Work request: Would you print the lines below exactly, beginning at the line that has "Honeywell Bakes Biscuit" and stopping after the line that has "TechRadar fitness writer"? Only those lines, and no pictures.

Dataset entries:
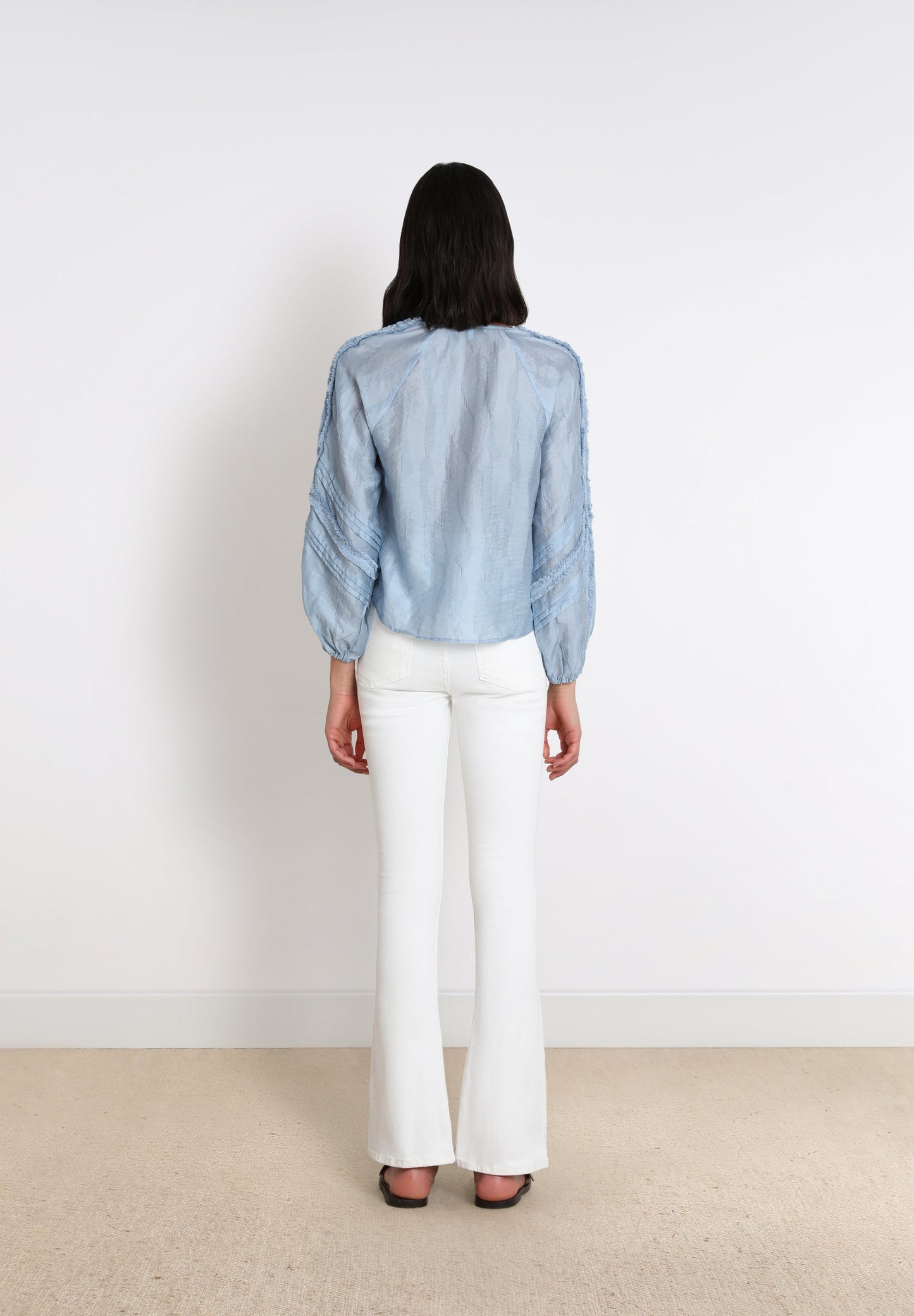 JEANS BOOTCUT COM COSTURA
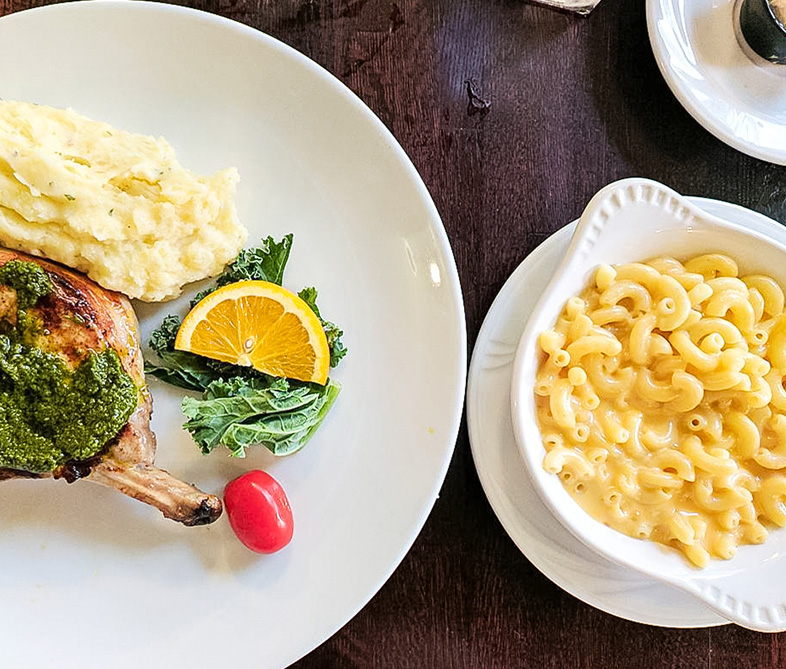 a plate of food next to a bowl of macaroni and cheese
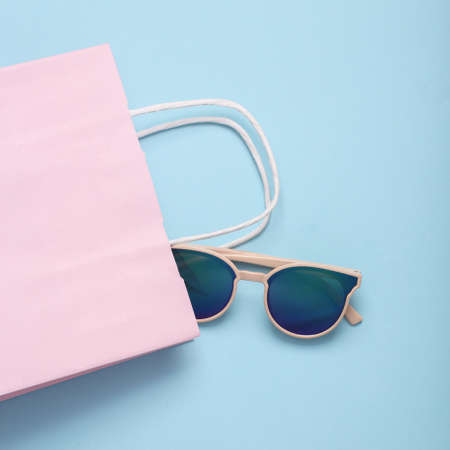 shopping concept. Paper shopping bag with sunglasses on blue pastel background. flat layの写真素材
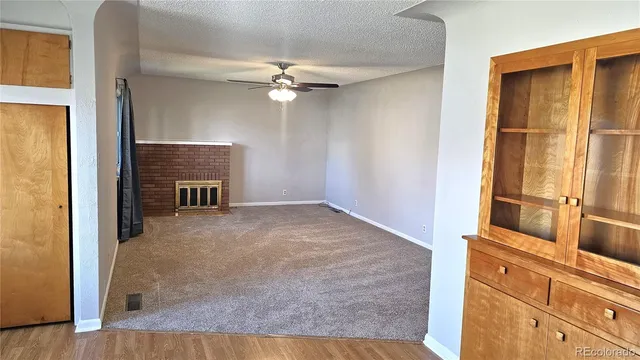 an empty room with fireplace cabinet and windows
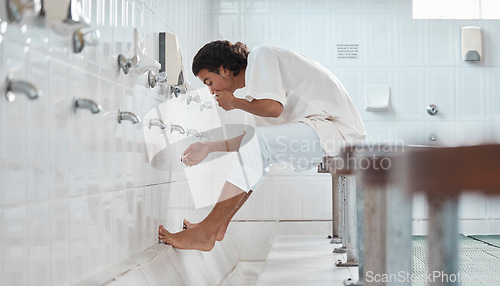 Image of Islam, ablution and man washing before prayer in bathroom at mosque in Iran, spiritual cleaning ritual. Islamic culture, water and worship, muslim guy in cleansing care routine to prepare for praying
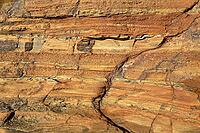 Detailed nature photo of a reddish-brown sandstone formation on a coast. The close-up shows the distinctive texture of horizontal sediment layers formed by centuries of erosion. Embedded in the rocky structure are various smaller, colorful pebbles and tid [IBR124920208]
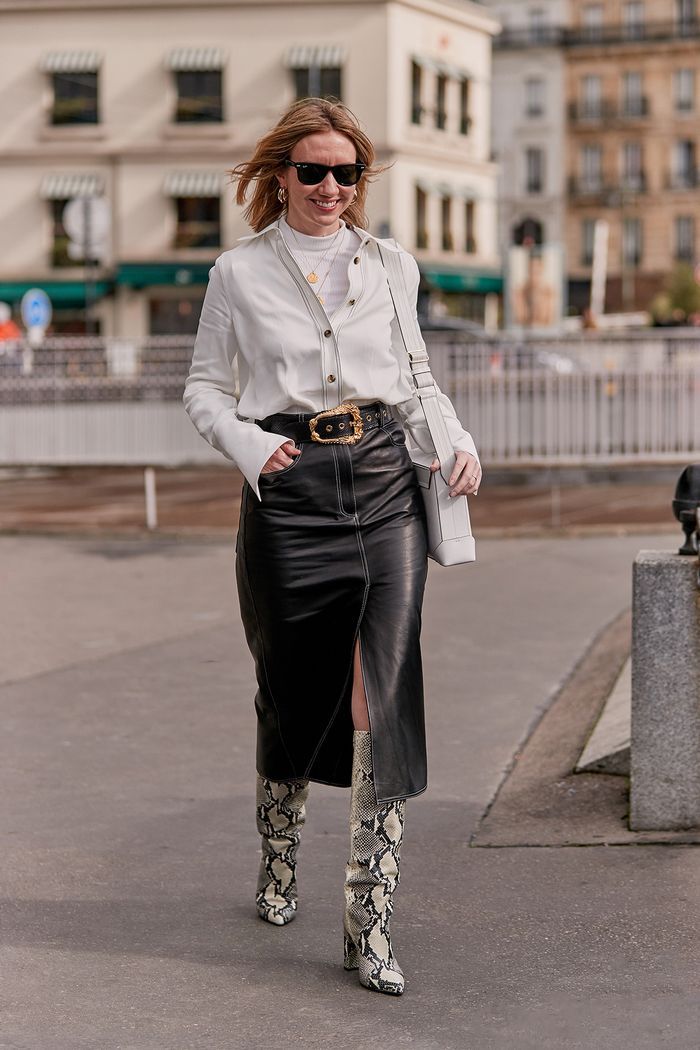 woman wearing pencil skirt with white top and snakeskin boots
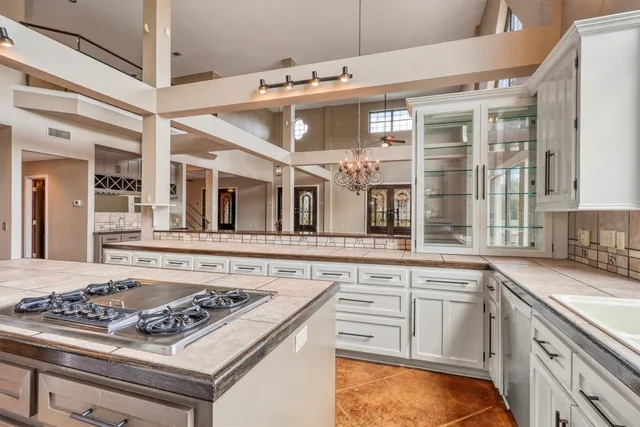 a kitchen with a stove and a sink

* * *

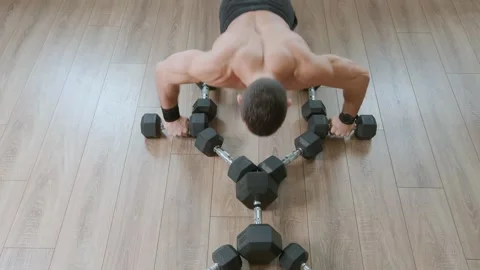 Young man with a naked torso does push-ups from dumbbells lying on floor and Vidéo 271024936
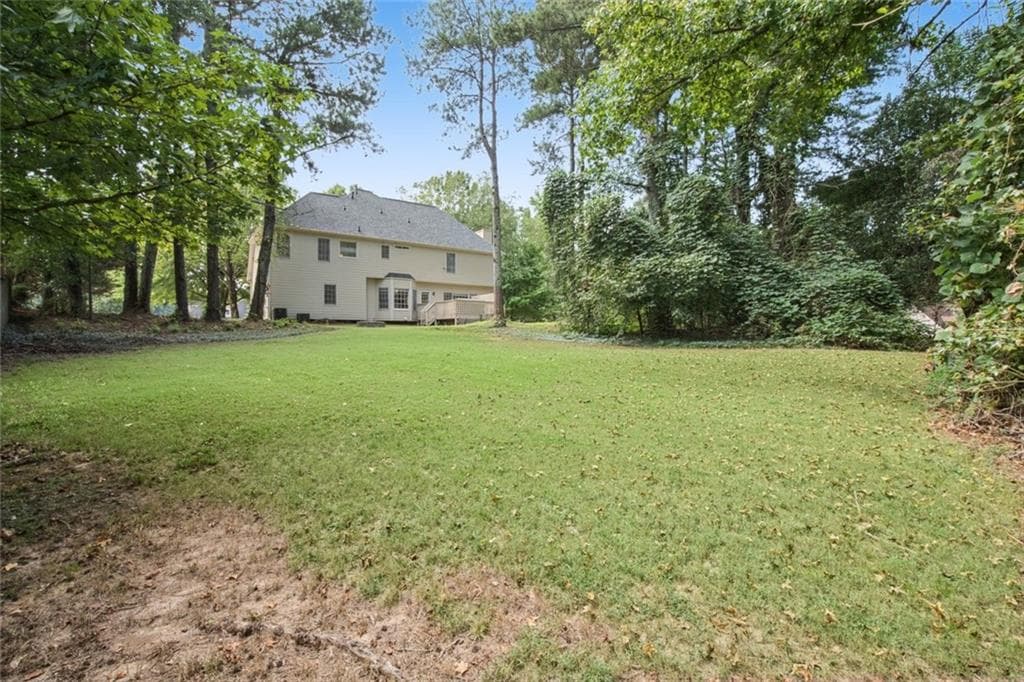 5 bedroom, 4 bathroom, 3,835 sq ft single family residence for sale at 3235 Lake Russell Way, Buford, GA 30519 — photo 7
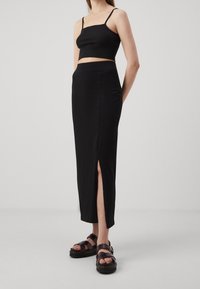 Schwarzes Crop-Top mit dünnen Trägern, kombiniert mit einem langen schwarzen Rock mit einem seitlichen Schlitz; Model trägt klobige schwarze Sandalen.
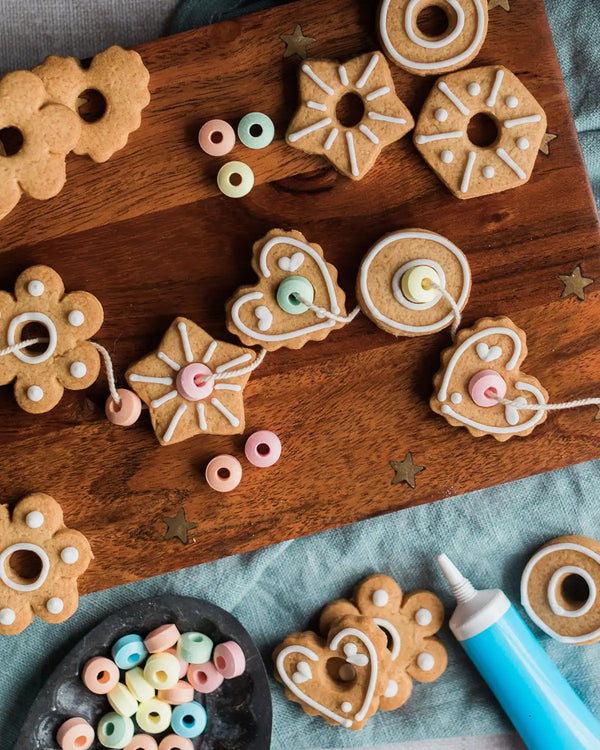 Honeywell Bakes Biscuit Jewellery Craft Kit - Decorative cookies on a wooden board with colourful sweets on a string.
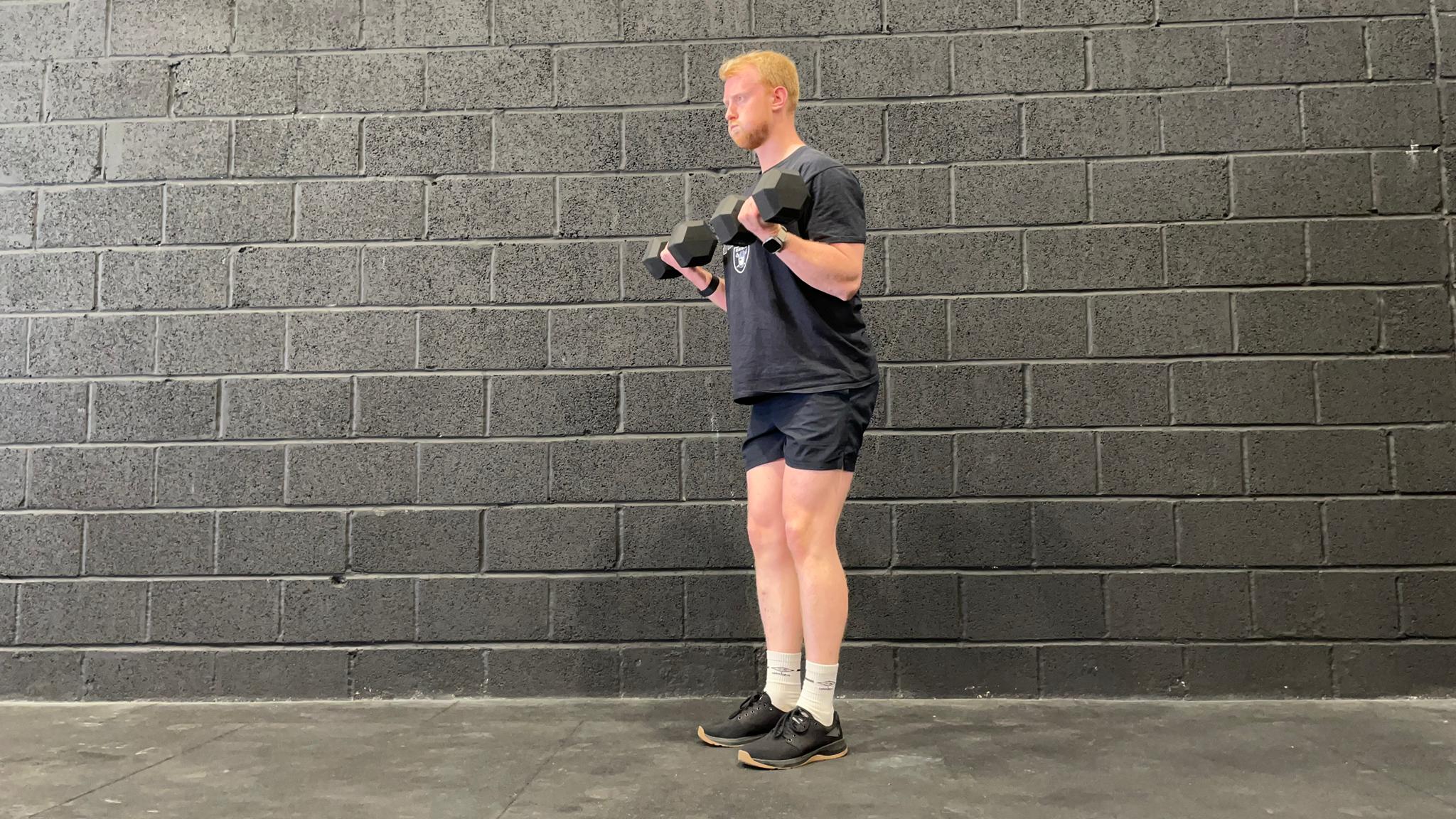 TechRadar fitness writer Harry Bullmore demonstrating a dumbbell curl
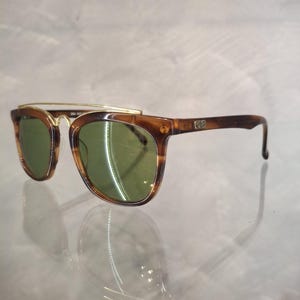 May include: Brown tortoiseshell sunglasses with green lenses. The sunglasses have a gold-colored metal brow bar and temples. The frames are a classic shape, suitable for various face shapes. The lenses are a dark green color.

Your response:
 Honeywell Bakes Biscuit Jewellery Craft Kit - Decorative cookies on a wooden board with colourful sweets on a string.
 TechRadar fitness writer Harry Bullmore demonstrating a dumbbell curl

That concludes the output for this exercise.